A incompletude dos dados verificada nas fichas de atendimento da ambulância do SAMU-192 pode ser apontada como uma limitação do estudo, visto que a falta de informações de variáveis importantes não preenchidas pelos profissionais de saúde envolvidos, pode interferir nos resultados, não esclarecendo ou corroborando com a caracterização dos acidentes de trânsito envolvendo os motociclistas atendidos no período investigado. Contudo, este fator não inviabilizou o estudo, sendo possível apresentar a descrição das vítimas dos acidentes motocilísticos.
CONCLUSÕES
Os resultados encontrados corroboram com os dados mencionados na literatura, pois apontam que os acidentes envolvendo motociclistas acometem predominantemente uma população jovem, economicamente ativa e do sexo masculino, sendo as escoriações o tipo de lesão mais prevalente.

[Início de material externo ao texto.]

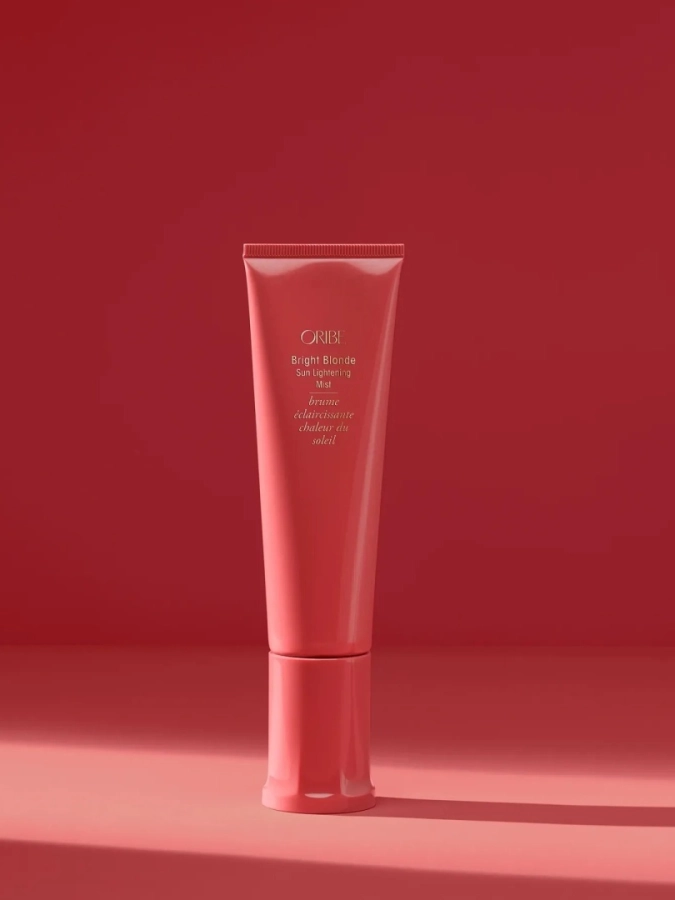 Oribe Bright Blonde Sun Lightening Mist Rozświetlająca mgiełka do włosów blond 90 ml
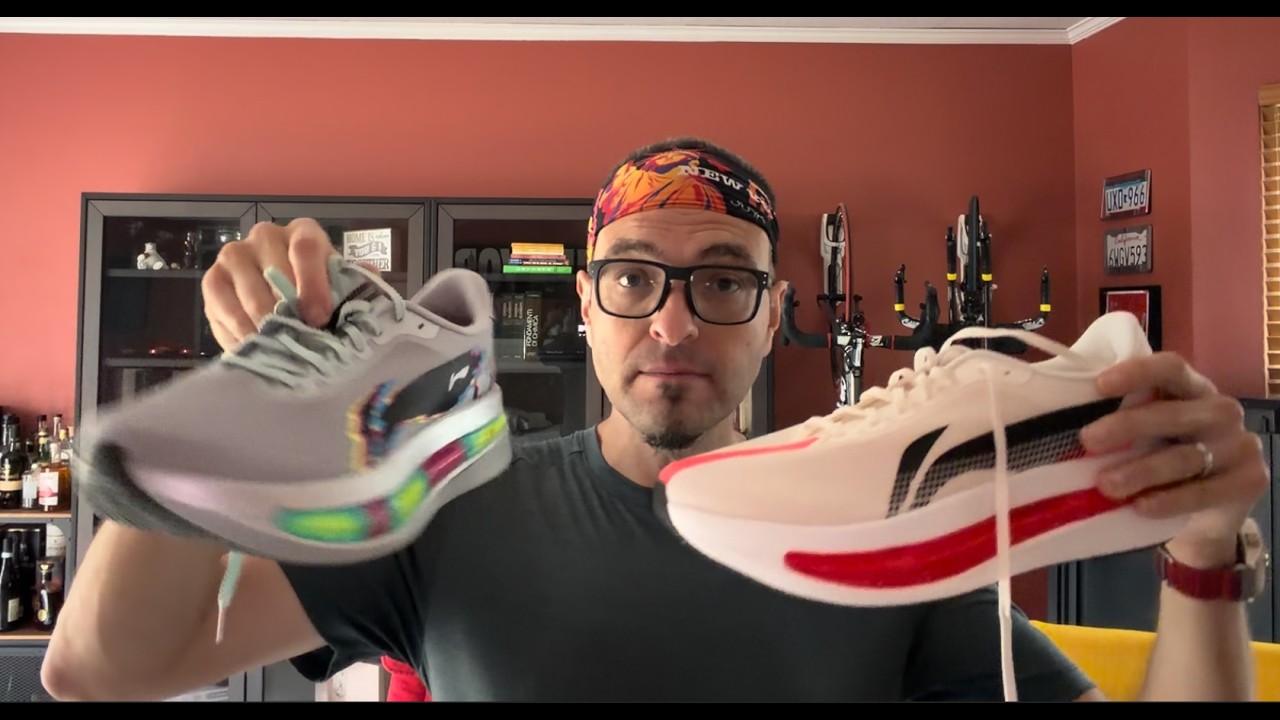 Первые впечатления от Li-Ning Red Hare 9 Ultra: уникальные, забавные, упругие кроссовки для ежедн...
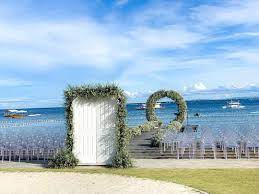 Chateau By The Sea Minimalist Design Lapu Lapu City Beach Wedding Cebu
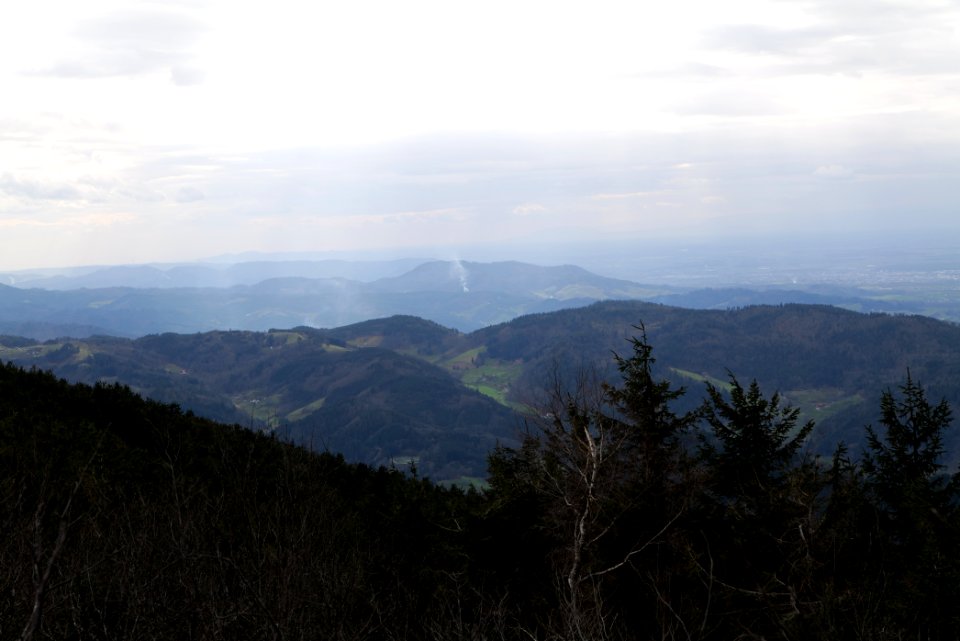 Black Forest from Hornisgrinde 2020-03-14 08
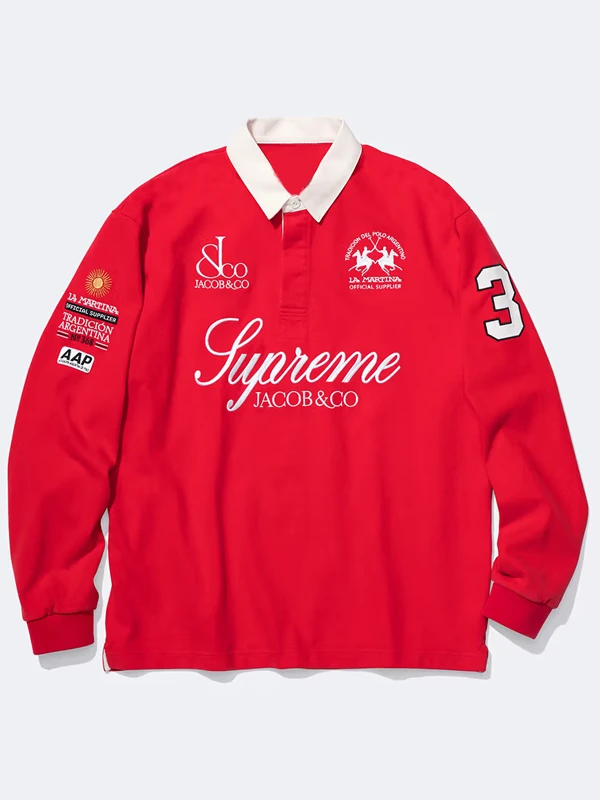 Supreme x La Martina Rugby Shirt | Summer 2026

Os resultados do estudo podem cooperar com o SAMU-192 ao apontar a necessidade de (re) organização do serviço, bem como denota a necessidade de qualificar melhor os profissionais de saúde e sensibilizá-los quanto ao preenchimento adequado das fichas de atendimento, tendo em vista que as informações contidas nestas poderão auxiliar no processo de cuidado às vítimas não apenas no âmbito pré-hospitalar, mas também hospital, já que neste haverá a continuação do cuidado.
Portanto, os resultados apontam a necessidade do desenvolvimento de ações intersetoriais que possam ir além dos componentes da RUE. Os acidentes motociclísticos envolve não apenas o setor saúde e por isso deve-se lançar mão de estratégias que incluam as políticas de trânsito, desenvolvendo condutas adequadas que promovam educação em saúde e sensibilizem a população, em especial, os condutores, a fim de reduzir o número de ocorrências e consequentemente a morbimortalidade por esse tipo de agravo.